__DATA FOR REVIEW__
= Beginning of Section =

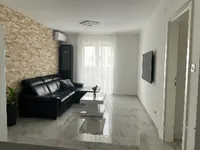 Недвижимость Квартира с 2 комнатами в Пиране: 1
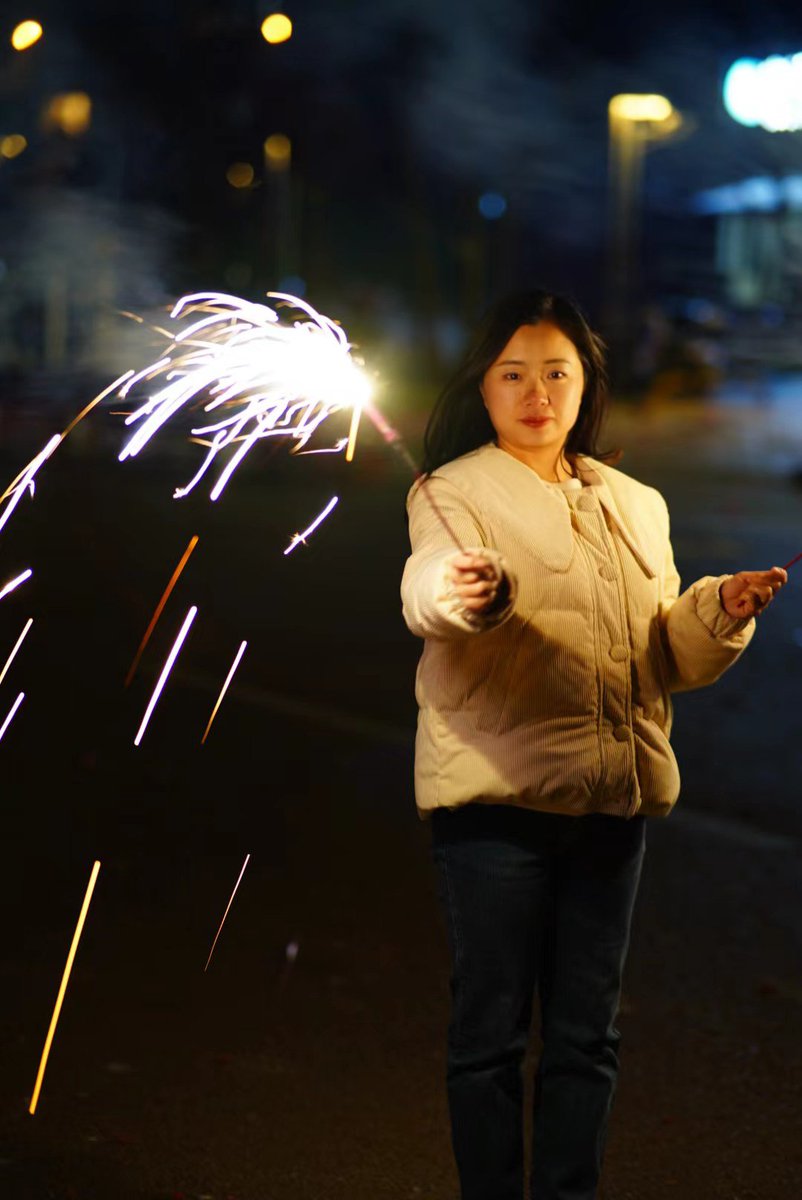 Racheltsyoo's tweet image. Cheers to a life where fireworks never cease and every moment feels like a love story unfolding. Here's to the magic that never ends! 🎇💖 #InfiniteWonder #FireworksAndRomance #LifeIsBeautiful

= End of Section =
= Beginning of Section =

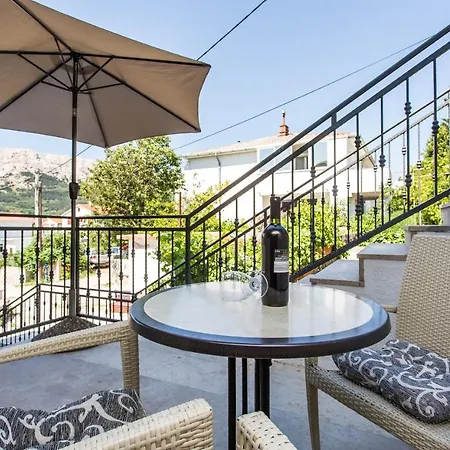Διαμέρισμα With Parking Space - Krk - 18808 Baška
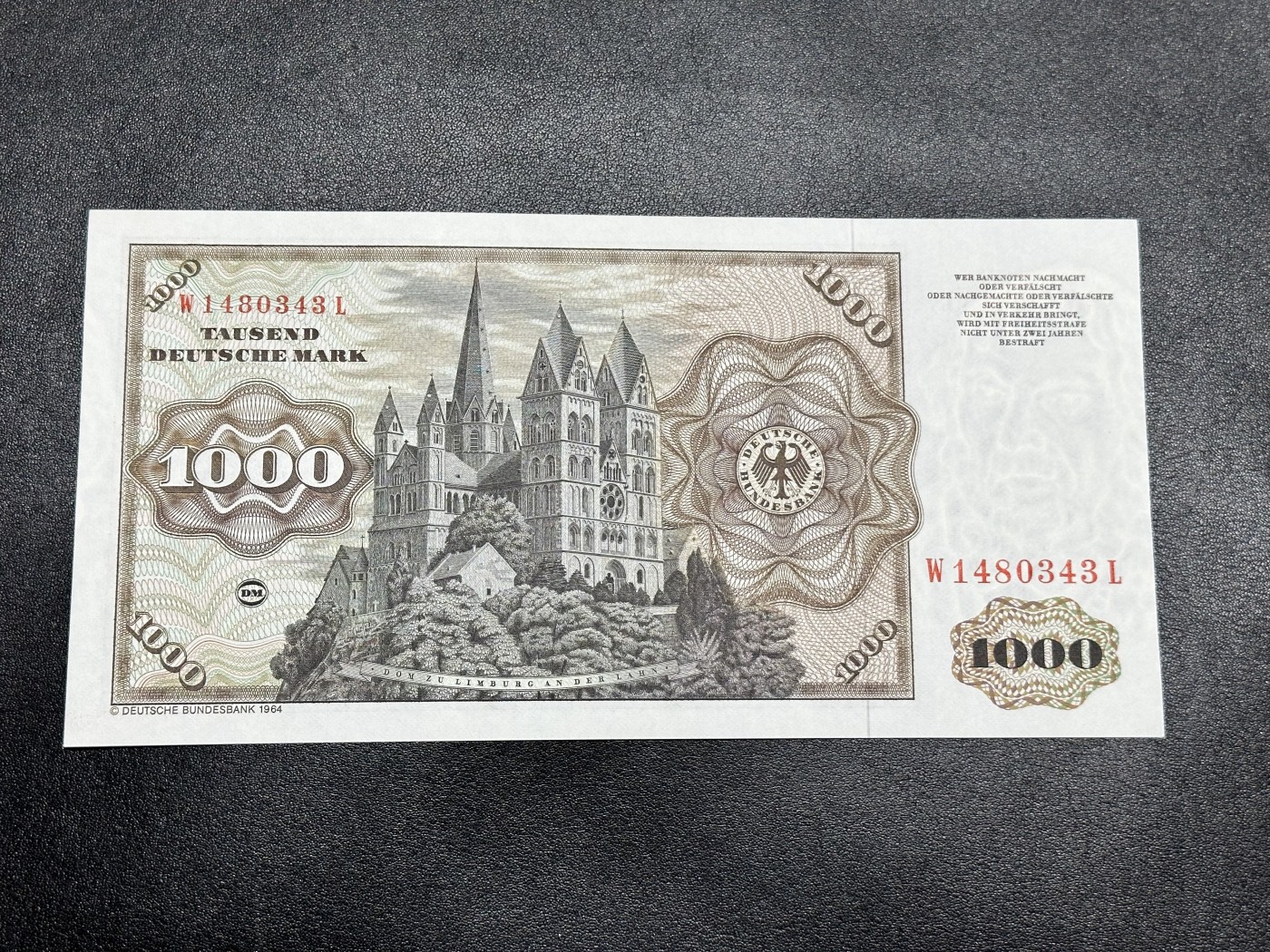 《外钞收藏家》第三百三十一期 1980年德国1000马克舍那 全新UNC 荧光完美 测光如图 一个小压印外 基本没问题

= End of Section =
= Beginning of Section =

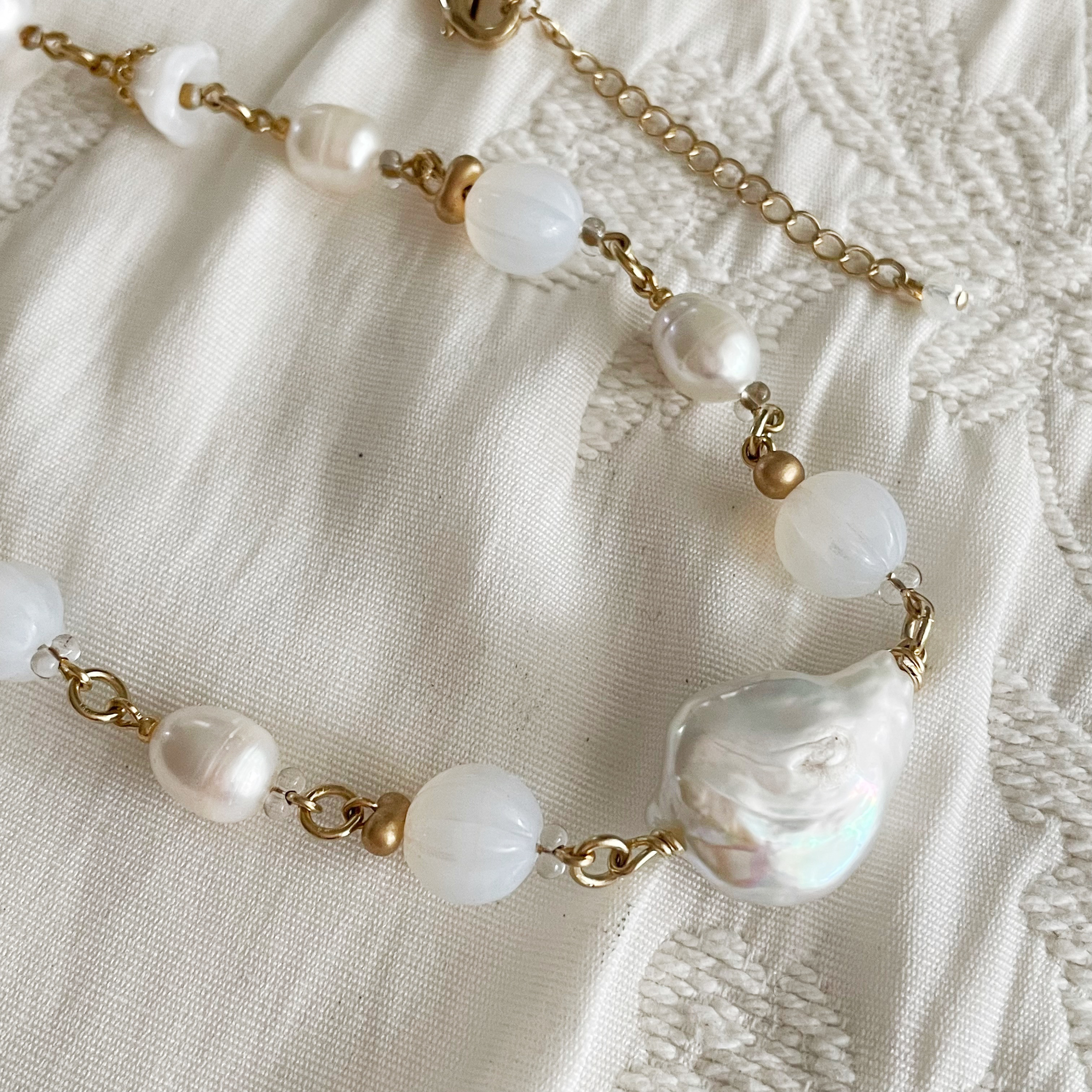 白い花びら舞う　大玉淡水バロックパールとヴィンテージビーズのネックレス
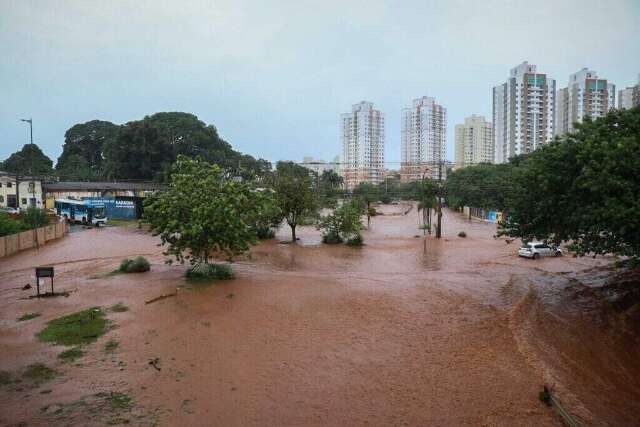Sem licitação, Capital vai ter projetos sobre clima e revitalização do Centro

= End of Section =

__DIRECTIONS FOR THIS TASK__
Once the line with "白い花びら舞う　大玉淡水バロックパールとヴィンテージビーズのネックレス" is found above, transcribe each line from it through the line with "Sem licitação, Capital", exactly, and omit the pictures.

__WRITTEN REPLY__
 白い花びら舞う　大玉淡水バロックパールとヴィンテージビーズのネックレス
Sem licitação, Capital vai ter projetos sobre clima e revitalização do Centro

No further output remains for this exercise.